Önce de vardı, Hrant Dink de böyleydi.  Zaman zaman bunu yaşadık, boğazımız düğümlenirken bir yudum su gibi geldi onlar. Tıkanmışlığı açan şeyler elbette. Aslında yalnız olmadığımızı hissettiğimiz duygusudur bu.  31 Mayıs, Hrant Dink, Berkin Elvan… Ne mutlu ki tek hissettiğimizin şeyin sokaklarda olmamız gerek olduğu.  Sokaklardaki durum; dinlemeyin dedikoduları,  tapeler mi, bence onları da dinlemeyin, bakın birbirinizin gözlerinin içine, hesap verebiliyor musunuz bir birinize? Yoksa tabii ki birileri aleyhte birileri lehte propaganda yapacaklardır.  Kumpaslar kurabilirler, tuzaklar kurabilirler.  Bir yerde canımı sıkan bir şey varsa, soru sormak ve cevabını almak benim hakkım… Bu, tam da yönetim dediğimiz kademinin, başka türlü hizmeti, başka türlü servisi, başka türlü yaşamamızı düzenleme…   Yönetim, beni yönet diye değil, birlikte bir sitem organize edelim, hepimiz mutlulukla, aç kalmadan, isteğimiz insan haklarından mahrum kalmadan yaşayalım organizasyonudur.  Siyasette bunun filozofudur.
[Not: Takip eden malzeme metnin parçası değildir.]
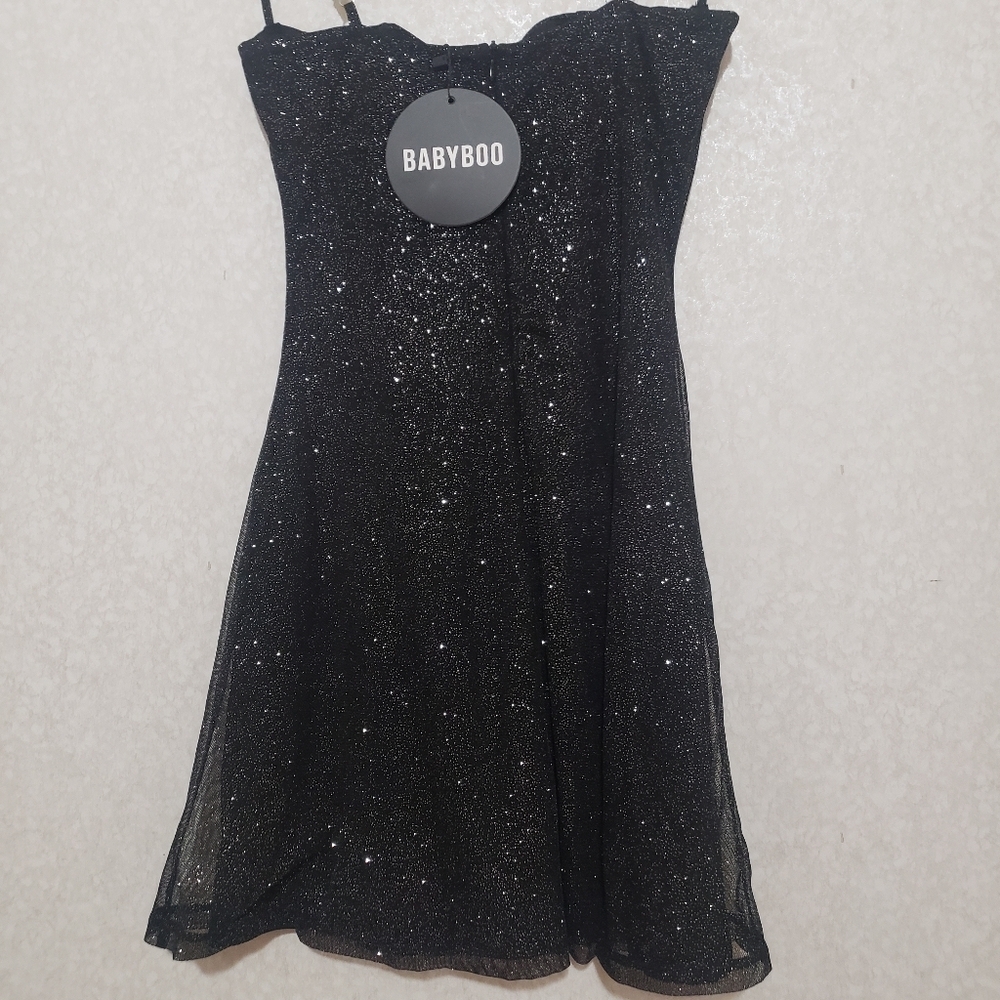 NEW SMALL BABYBOO PIXIE MINI DRESS-BLACK SPARKLE - Picture 5 of 12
-Bu sistemin devamı zaten…

Ta kendisi…  Bu hiçbir zaman bitmedi ve bitmeyecek ama nerede bitmeyecek, zihinlerde bitmeyecek. Somut olarak ihtiyacımız var mı? Düşünüyorum, hiçbir örgütün üyesi değilim, cemaatin, partinin, deneğin, vakfın…  Yaptığım iş gereği sendikalıyım, örgütlenmenin çok önemli olduğunu düşünüyorum ama bireysel olarak, katılımcı olarak. Bir şeyin ona biat eden parçası olarak değil, soru soran cevap arayan biriyim, onların peşindeyim…

-“Bu düzen bozulmasın, rahatım kaçmasın” diyenler var…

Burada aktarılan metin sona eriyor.